Not familiar with Angela Carter? She did die in 1992 of cancer aged only 51 - a voice silenced too soon - and is not hugely well known outside of England. Raised in South London, in her late teens she rebelled from a sheltered, overprotected childhood to embrace a lifestyle that included being politically active - she considered herself a socialist and a feminist - and building "a reputation as someone who would say anything and take any risk." Carter worked briefly as a reporter, as a co-editor of a literary magazine, and taught at several universities, but mainly worked ferociously on her own "surprising and transgressive" books, including a book-length essay called The Sadeian Woman. She won a literary prize that allowed her to travel to Japan, where she led a bohemian lifestyle and took up with the first in a succession of younger men. She ended up back in England in the 1970s and had a child at the age of forty-three. Her literary protégés included Salman Rushdie, who called Carter a "benevolent white witch." Margaret Atwood called Carter a "fairy godmother." These kind of otherworldly descriptions have stuck to her posthumous reputation, though she was not overfond of that style of classification in life.

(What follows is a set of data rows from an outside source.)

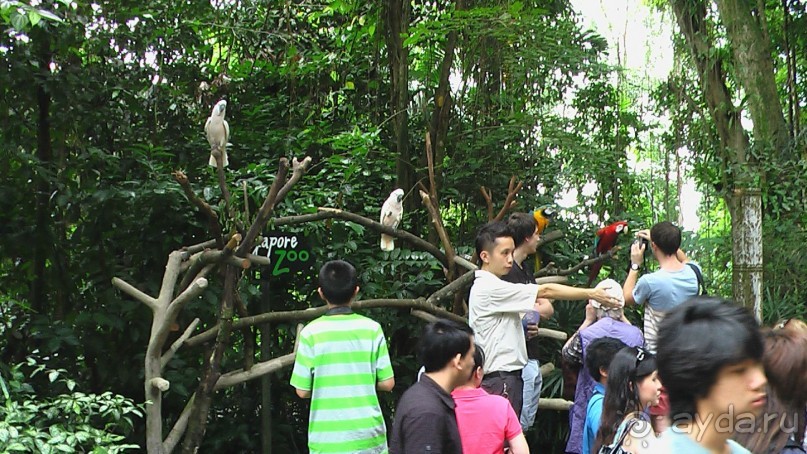 Сингапур-Австралия.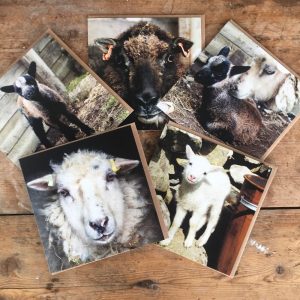 Sheepy Greeting Cards Bundle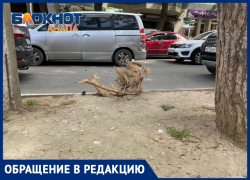 «Ребенку чуть на голову не упала»: анапчанин об обветшалых соснах на улице Ленина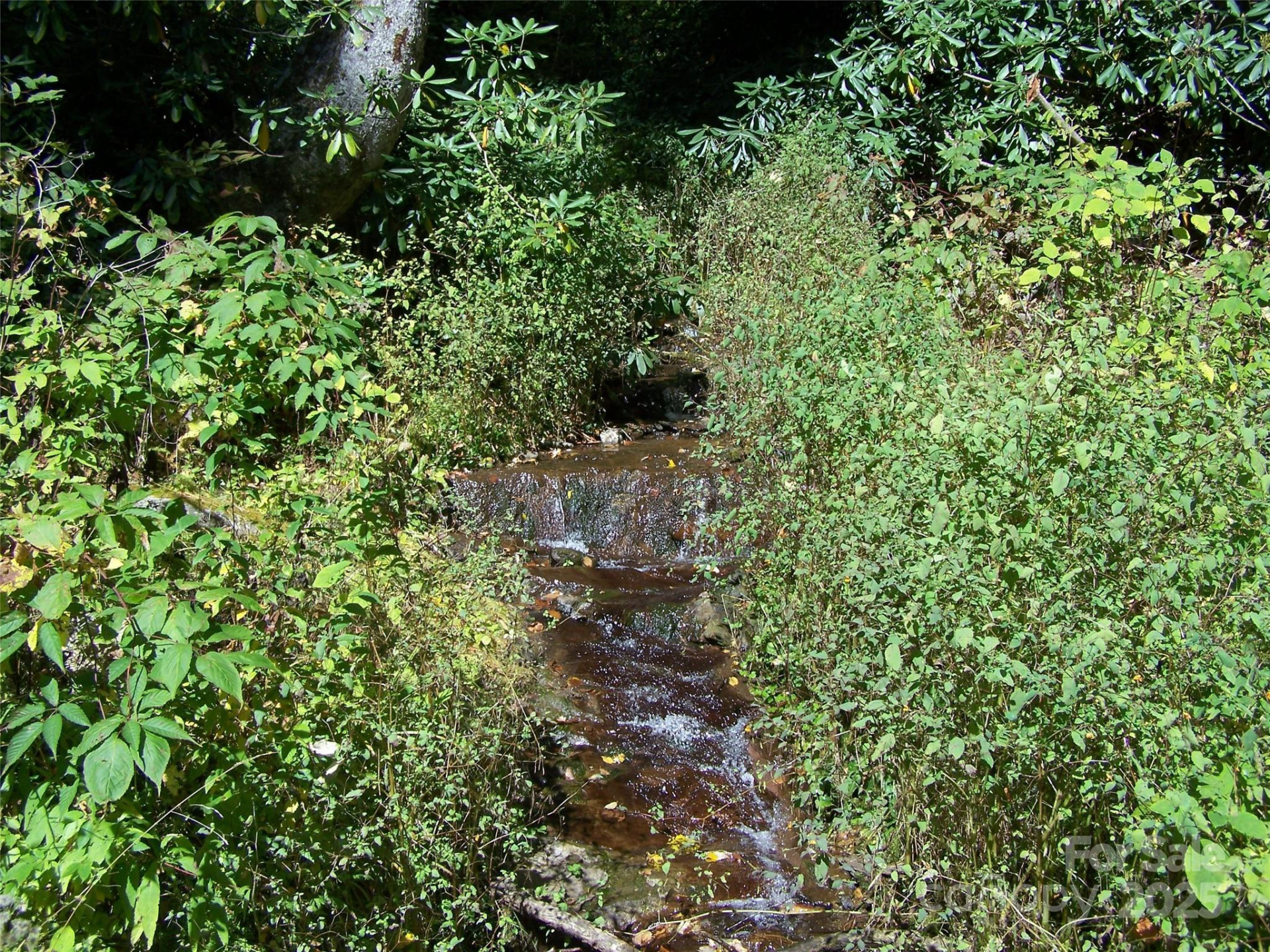 000 Fie Top Road - Photo 11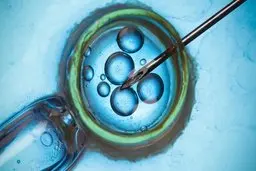 دانشمندان فرآیند پیری تخمک را معکوس کردند! | مادر شدن در دهه ششم زندگی امری عادی می‌شود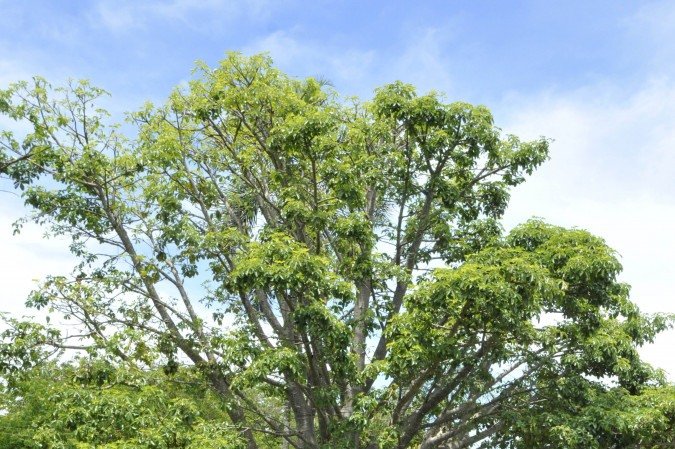 Rota dos Baobas em Brasilia. Professor Andre Lucio Bento, que cataloga as arvores Baobas em Brasilia.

Her fiction, though she began writing with a more socially realistic bent, is "punctuated by extravagant flights of imagination," concerned with "“the social fictions that regulate our lives,” and is often associated with adjectives such as "savage," "thorny," and "fantastic." Perhaps unsurprisingly, Carter was a fan of Wuthering Heights, and her "male romantic leads tend to be feral, violent, and encrusted with dirt." Author Joan Acocella says:
The English novelist Angela Carter is best known for her 1979 book “The Bloody Chamber,” which is a kind of updating of the classic European fairy tales. This does not mean that Carter’s Little Red Riding Hood chews gum or rides a motorcycle but that the strange things in those tales—the werewolves and snow maidens, the cobwebbed caves and liquefying mirrors—are made to live again by means of a prose informed by psychoanalysis and cinema and Symbolist poetry.
It's suggested that Carter's influences ranged from Baudelaire and Rimbaud to science fiction. Sex and autonomy were two of the most notable subjects that she returns to again and again in her writings. Her work was a way of questioning the world around her, and she was very clear that she did not have the answers.
The Bloody Chamber: And Other Stories
Nights at the Circus
About the author: Angela Carter by Lorna Sage [eBook]
Part of the "Writers and Their Work" series, this book is described on Google Books thusly: "Although Angela Carter's work is considered part of the contemporary canon, its true strangeness is still only partially understood. Lorna Sage argues that one key to a better understanding of Carter's writings is the extraordinary intelligence with which she reads the cultural signs of our times. From camp subversiveness in the 1960s to fairy stories, gender-politics, and the theoretical 'pleasure of the text', which she made so real in her writing, Carter legitimized the life of fantasy, and celebrated the fertility of the female imagination more actively than any other writer of her generation. Lorna Sage's study explores the roots of Carter's originality, covering all her novels as well as some short stories and non-fiction."
For readalikes of Angela Carter, consider Jeanette Winterson, A.S. Byatt, Sarah Waters, Margaret Atwood, Katherine Dunn, Emma Donoghue, Francesca Lia Block, and Salman Rushdie.